And so if instead that structure, if you were to make, imagine a sort of Ethereum-based version of it,
there's some wrapper that includes a bunch of like loans,
but you can actually go and look at those individual loans on the blockchain,
and you can verify with yourself trustlessly what's happening there.
That is so much safer.
And so I agree, David.
You have the ability to view source on like financial tools and financial products,
which is super powerful.
You know, before I get off the infographic,
one other question I have heart is this.
So if you scan the information,
infographic, you look at traditional finance, the other thing that kind of jumps out at me is like
the base money, the reserve assets are relatively small. And then like the derivative assets are
absolutely massive. So like multiples of the reserve base money assets, right? So you've got kind of
your layer one, M1 money that's tiny and then everything built on top gets bigger and bigger and bigger
until you get derivatives. And they're the biggest of all, over 500 trillion. Do you expect the same thing
to play out in this new financial system that we're building in DFI, where you have a relatively
small kind of base money reserve asset and then you've got like things built on top.
But derivatives are the biggest from a notional value perspective of all.

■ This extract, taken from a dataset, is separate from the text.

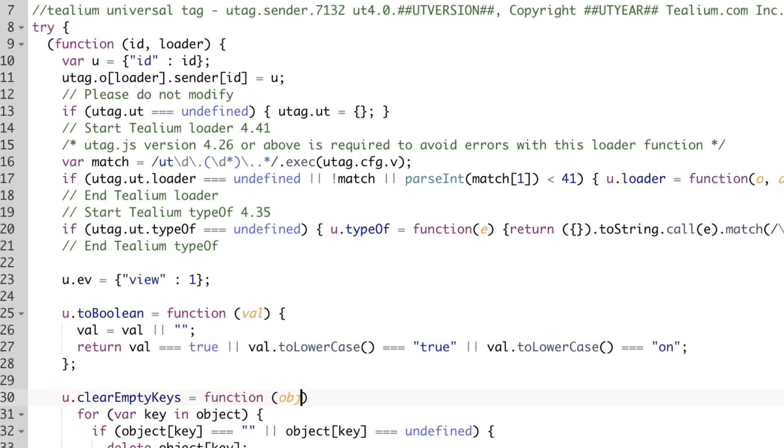The new Tealium ObservePoint integration automates this task for efficiency and eliminates this data quality risk.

Does that play out here too?
Yeah, I just don't know if you call them derivatives.
Like there may just be something different.
There's room for like new, new shit to get invented here.
But like Ryan, I do agree.
that what you will see at some level is like a base asset, a reserve asset, which, you know,
ETH is money, right? So we'll make an ETH. But you have a base asset and it gets used in all
these ways that then the notional value builds up. And you're already seeing that happening in DFI,
where like your base asset is ETH, which is used to create dye, and then you take the ETH-DI pair.
and that can be used as collateral to take something else,
you're already beginning to see this happening.
And I think that is the nature of finance with leverage and debt happening.
That's just the way it works.
All right.
Let's get into some of the more specific details about UMA.
And I think a lot of listeners,
there are mental models around synthetic assets will probably begin with synthetics,
which uses chain link oracles to come to a consensus about what the price of an asset is.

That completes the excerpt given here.